Data Analytics for Government MSc/PgDip/PgCert: Online distance learning
Large-Scale Computing for Data Analytics (ODL) STATS5083
- Academic Session: 2024-25
- School: School of Mathematics and Statistics
- Credits: 10
- Level: Level 5 (SCQF level 11)
- Typically Offered: Summer
- Available to Visiting Students: No
- Taught Wholly by Distance Learning: Yes
- Collaborative Online International Learning: No
Short Description
The course introduces students to deep learning and convolutional neural networks and presents an overview over systems for large-scale computing and big data.
Timetable
The course mostly consists of asynchronous teaching material.
Excluded Courses
-/-
Co-requisites
-/-
Assessment
100% Continuous Assessment
This will typically be made up of a project, assessed in terms of code and a report, (40%) and three homework exercises, including online quizzes (60%). Full details are provided in the programme handbook.
Course Aims
The aims of this course are:
■ to train students in the efficient implementation of computationally expensive data-analytic methods and/or data-analytic methods for big data;
■ to introduce students to deep learning and convolutional neural networks, both in terms of applications and implementation in frameworks such as Tensorflow or Keras; and
■ to introduce students to enterprise-level technology relevant to big data analytics such as Spark, Hadoop or NoSQL databases.

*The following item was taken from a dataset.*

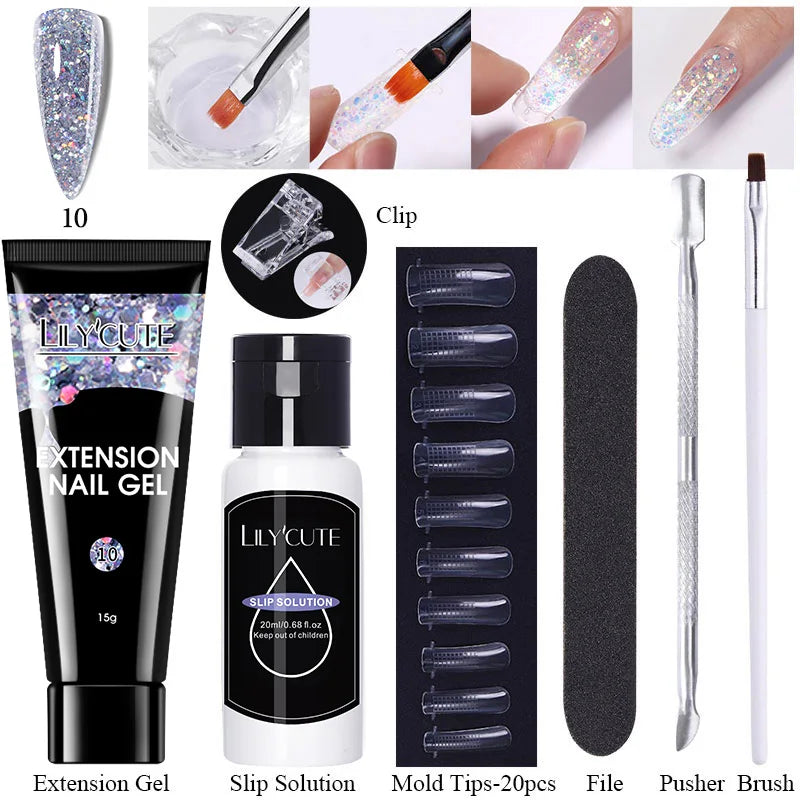 LILYCUTE 15ml Extension Gel Nail Polish Set Quick Nail Prolong With Extend Mold Nail Tips Acrylic Solution Manicure Tools Kit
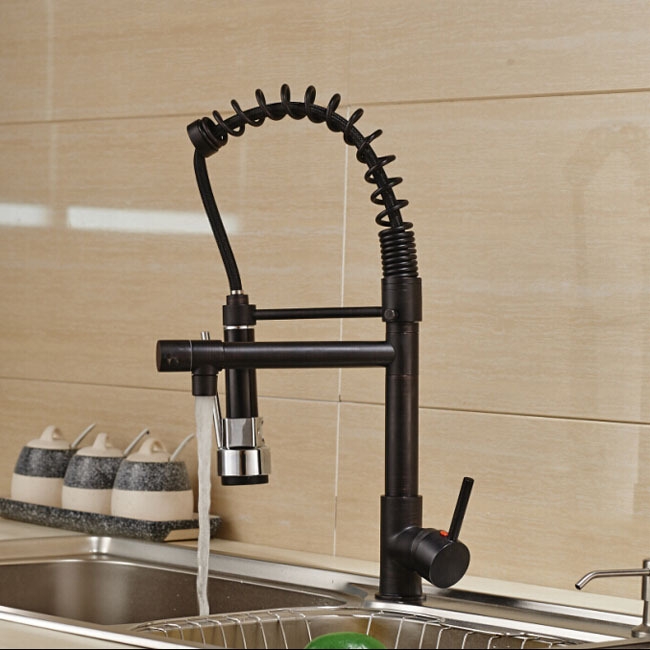 Black Oil-Rubbed Bronze LED 360-Degree Rotation Swivel Kitchen Faucet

Intended Learning Outcomes of Course
By the end of this course students will be able to:
■ assess and compare the complexity of an algorithm and implementation both in terms of computational time and memory, as well as suggest strategies for reducing those;
■ distinguish between different types of deep and/or convolutional neural networks and choose an appropriate network for a given problem;
■ fit a neural network using specialised frameworks such as Tensorflow or Keras and assess the result;
■ discuss important methodological aspects underpinning deep learning;
■ explain the differences between SQL and NoSQL databases and assess their suitability in different real-life settings; and
■ explain the basic concepts underpinning big data systems such as Spark or Hadoop and discuss their suitability and use in different scenarios.
Minimum Requirement for Award of Credits
Students must submit at least 75% by weight of the components (including examinations) of the course's summative assessment.